On December 10th I taught a workshop on my pouring watercolor on canvas technique. It was a small workshop and lots of fun. The day was just not long enough!
I had several canvases started so that my students could see the different stages of the process. They brought canvases, chose a project from many that I brought with me.
The first part of the workshop was showing the participants how to prepare the canvas for watercolor. A white absorbent ground is applied in several thin coats. This creates a paper-like surface on top of the canvas so that the watercolor will absorb slightly, but not lose any of its color potency.
Once the canvas is dried it is time to apply the drawing. Some students drew directly onto their canvas with a light graphite drawing. Others transferred drawings that I provided. Once the drawing is on a few areas can be shadowed with graphite, as this will help to hold the darker areas during the pouring process. The graphite has a tendency to lift and float away when the very wet pigments are applied.

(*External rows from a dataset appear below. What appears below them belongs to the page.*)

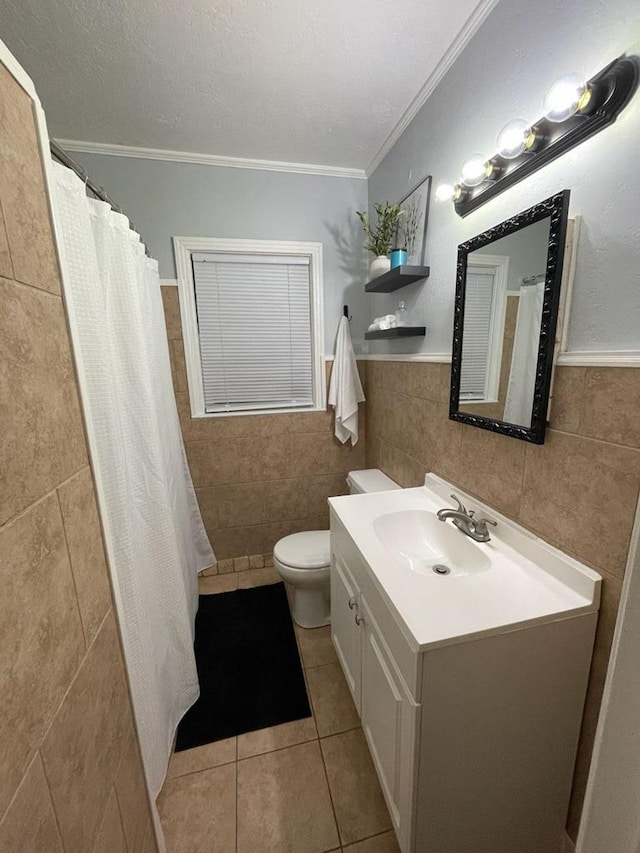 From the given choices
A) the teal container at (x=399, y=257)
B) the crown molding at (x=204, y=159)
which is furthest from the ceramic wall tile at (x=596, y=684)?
the crown molding at (x=204, y=159)

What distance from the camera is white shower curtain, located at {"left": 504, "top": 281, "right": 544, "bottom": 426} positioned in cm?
100

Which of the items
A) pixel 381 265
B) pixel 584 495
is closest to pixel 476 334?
pixel 584 495

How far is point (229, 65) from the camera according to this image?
136 cm

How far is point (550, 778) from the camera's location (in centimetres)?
97

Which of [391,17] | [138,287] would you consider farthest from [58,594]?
[391,17]

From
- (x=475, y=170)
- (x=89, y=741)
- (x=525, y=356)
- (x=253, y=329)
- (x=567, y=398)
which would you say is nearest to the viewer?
(x=89, y=741)

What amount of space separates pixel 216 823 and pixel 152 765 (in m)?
0.31

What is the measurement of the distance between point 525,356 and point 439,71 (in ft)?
4.07

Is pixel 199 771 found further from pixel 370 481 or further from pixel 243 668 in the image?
pixel 370 481

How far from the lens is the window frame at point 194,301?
2029 mm

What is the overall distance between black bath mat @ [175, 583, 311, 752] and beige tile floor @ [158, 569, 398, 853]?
0.05 metres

With the drawing applied, we then added masking fluid to preserve any white areas on the canvas. This step will happen over and over during pouring process to save each “value step”. Again the canvas must be allowed to dry completely.
Here, Dawn is applying a first pour to one of her projects. The colors are dropped onto a very wet (with water) canvas. The colors are set next to one another so that delicate blends begin to take place, and we use primary color sets. My favorite combination is New Gamboge, Quinicridone Magenta, and French Ultramarine Blue. It’s important to only use transparent colors. Cadmiums, for instance, are chalky, and will have a tendency to lift quickly, look muddy and “powdery” after the pours.
Each layer of wet colors creates a value range on the painting. When working in this technique, it is best not to worry about “literal” colors in the painting. Rather, the goal is to work toward developing correct value ranges to hold the shape and space in the piece.
Each time the piece is poured it must dry thoroughly. Then another layer of masking fluid is applied to the areas that need to be “saved” for the next pour. Simply put, the mask resists pigment. Once the pour is completely dry it is a bit easier to see the value that is created on the canvas. If an area should not get any darker, it is masked so that it will not accept any more color during the next pour.
You can see the photo reference and value drawing that Dawn is using to guide her through the painting. You can also see how the paint drips over the edges of the gallery-wrapped canvas, creating a beautiful kaleidoscope of colors around the edges so that framing is really not necessary.
Jean worked on several projects throughout the day.
Robin and Chelsey are using mask at this stage.
It was a fun day and I am looking forward to seeing the finished pieces! I will post some pictures of my work from the workshop soon also.